Kunjungan ke Jogja dan Kost E6

Kurang lebih sembilan tahun lalu, setiap malam di kamar kos E6 di Jalan Kaliurang km 5, di lantai dua, kerap kali aku terjaga. Masih segar dalam ingatan bagaimana sempit dan kecilnya kamarku. Sinar matahari sangat jarang memasuki sudut-sudut kamar karena tepat di depan jendela, ada jemuran yang selalu bergelantungan. Dalam kamar yang sempit itu ada satu bed yang hanya muat untuk satu orang, lemari yang tak bisa dipindahkan (karena dicor lol), satu meja dan kursi belajar. Ibu membawakanku beberapa rak-rak plastik berwarna pink beserta beberapa bed cover. Karena bed cover yang diberi Ibu berwarna oranye, aku menyesuaikan kamarku dengan nuansa oranye. Kasur yang disediakan oleh Ibu kos begitu tipis tak ada isinya. Aku menggantung beberapa pigura dan foto-foto keluarga di dinding, serta kata-kata motivasi.

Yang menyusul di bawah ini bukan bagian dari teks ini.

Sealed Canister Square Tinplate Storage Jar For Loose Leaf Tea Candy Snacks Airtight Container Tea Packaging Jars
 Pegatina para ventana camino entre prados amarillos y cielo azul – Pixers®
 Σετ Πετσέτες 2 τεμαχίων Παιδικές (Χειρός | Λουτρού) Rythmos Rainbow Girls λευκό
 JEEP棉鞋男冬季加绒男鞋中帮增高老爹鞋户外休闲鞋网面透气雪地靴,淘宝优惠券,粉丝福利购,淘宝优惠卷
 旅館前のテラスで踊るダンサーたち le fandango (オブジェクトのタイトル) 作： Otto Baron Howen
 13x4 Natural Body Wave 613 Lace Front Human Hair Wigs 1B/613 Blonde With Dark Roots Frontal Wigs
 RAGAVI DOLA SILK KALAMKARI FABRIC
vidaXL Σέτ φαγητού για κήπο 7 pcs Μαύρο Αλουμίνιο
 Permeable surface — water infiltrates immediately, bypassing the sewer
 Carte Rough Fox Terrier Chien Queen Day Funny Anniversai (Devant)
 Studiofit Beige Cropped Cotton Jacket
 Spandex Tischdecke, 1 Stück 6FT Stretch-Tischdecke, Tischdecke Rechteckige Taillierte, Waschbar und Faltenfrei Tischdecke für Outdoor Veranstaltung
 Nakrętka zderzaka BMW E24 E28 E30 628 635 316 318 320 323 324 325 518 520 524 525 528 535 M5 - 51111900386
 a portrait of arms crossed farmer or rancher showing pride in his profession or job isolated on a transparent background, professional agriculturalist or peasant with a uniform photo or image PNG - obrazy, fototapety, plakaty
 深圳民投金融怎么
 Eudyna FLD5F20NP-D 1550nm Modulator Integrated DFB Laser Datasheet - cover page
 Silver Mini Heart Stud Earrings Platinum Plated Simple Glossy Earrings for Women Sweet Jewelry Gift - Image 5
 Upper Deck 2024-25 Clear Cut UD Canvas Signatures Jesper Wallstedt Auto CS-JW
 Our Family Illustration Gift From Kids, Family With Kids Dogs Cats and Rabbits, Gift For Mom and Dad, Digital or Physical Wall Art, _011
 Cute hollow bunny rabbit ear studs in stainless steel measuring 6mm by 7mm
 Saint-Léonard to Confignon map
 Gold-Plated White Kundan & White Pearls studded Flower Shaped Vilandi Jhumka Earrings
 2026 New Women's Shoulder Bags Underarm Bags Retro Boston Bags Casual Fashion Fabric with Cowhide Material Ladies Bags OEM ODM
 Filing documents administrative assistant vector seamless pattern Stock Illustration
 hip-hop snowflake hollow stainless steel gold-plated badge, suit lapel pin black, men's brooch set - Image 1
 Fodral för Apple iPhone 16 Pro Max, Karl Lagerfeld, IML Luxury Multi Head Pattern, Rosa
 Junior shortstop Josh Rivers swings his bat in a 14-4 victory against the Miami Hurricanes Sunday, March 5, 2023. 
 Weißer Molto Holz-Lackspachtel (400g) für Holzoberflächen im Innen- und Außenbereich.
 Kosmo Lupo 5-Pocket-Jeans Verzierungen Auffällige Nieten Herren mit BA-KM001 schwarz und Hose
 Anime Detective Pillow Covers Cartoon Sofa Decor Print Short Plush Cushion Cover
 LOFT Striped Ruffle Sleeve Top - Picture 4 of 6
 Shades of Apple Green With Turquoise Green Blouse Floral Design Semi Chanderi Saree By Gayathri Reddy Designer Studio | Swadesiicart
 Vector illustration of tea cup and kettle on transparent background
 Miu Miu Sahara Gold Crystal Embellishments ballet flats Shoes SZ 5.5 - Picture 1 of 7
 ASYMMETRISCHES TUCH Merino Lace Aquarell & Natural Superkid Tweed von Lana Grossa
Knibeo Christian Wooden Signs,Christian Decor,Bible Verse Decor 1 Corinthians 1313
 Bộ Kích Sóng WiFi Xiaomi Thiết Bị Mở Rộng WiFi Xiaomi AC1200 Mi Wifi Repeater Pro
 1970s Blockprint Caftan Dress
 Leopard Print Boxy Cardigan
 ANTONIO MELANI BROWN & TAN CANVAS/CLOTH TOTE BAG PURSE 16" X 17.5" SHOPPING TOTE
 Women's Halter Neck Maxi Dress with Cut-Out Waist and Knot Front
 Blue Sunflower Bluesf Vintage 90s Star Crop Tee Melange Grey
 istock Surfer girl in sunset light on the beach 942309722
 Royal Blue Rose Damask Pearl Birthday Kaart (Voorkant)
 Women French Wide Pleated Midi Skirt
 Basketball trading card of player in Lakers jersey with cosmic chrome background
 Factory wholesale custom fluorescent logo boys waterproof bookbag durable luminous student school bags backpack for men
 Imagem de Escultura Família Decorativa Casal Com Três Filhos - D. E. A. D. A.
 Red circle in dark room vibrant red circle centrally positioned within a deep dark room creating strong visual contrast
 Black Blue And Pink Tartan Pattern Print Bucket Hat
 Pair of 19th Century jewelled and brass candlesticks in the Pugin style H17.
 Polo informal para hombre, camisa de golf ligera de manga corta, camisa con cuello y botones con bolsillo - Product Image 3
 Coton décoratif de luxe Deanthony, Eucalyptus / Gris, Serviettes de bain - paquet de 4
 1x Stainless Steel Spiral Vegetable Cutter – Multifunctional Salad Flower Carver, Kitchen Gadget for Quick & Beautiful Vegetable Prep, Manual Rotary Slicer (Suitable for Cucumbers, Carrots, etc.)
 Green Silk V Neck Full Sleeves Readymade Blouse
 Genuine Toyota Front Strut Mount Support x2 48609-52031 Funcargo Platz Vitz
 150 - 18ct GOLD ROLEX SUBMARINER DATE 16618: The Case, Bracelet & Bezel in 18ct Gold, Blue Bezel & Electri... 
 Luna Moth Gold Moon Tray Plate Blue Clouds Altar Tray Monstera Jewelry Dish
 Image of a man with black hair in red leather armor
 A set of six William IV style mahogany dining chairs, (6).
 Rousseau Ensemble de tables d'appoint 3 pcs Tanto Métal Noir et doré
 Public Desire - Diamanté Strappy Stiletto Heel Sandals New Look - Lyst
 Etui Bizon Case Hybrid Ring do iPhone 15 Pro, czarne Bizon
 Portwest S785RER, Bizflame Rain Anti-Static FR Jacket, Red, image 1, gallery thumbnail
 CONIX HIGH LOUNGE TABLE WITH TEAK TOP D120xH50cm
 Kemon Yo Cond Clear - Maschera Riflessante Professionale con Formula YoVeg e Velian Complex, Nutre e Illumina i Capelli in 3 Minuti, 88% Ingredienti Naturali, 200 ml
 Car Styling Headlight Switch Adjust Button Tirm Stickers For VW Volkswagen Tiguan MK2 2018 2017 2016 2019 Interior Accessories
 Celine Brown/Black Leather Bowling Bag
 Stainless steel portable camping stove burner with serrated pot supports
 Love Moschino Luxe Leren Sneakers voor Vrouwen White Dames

Dengan Rina dan Silvi, teman pertamaku di Jogja yang selalu aku ingat hingga kapanpun, aku membeli karpet murah berwarna oranye berbahan semi plastik di Malioboro. Jadilah kamarku dengan nuansa penuh oren-oren. Aku juga membeli beberapa peralatan seperti toples-toples plastik dengan tutupnya berwarna hijau yang kemudian aku isi dengan makanan-makanan bawaan dari Ibu: kering tempe, bumbu pecel, serundeng, kering kentang. Selain itu, aku juga membeli dispenser, serta teko pemasak air yang selalu menyelamatkanku dari kelaparan karena dalam pemasak air tersebut, aku juga bisa memasak indomie. Aku masih ingat betul bagaimana bentuk dan warna pemasak air tersebut: pendek dan transparan, merknya lion star, dengan kabel yang berwarna putih dan tutupnya berwarna hijau. Ibu juga membawakan aku rice cooker, sehingga aku lebih sering memasak nasi di rumah dan membeli lauknya dari warung dekat kos. Saat awal aku masih tingal di sana, kami tak punya dapur. Selang beberapa bulan kemudian, kami punya kompor gas. Kami begitu mengidamkan adanya sebuah dapur untuk memasak.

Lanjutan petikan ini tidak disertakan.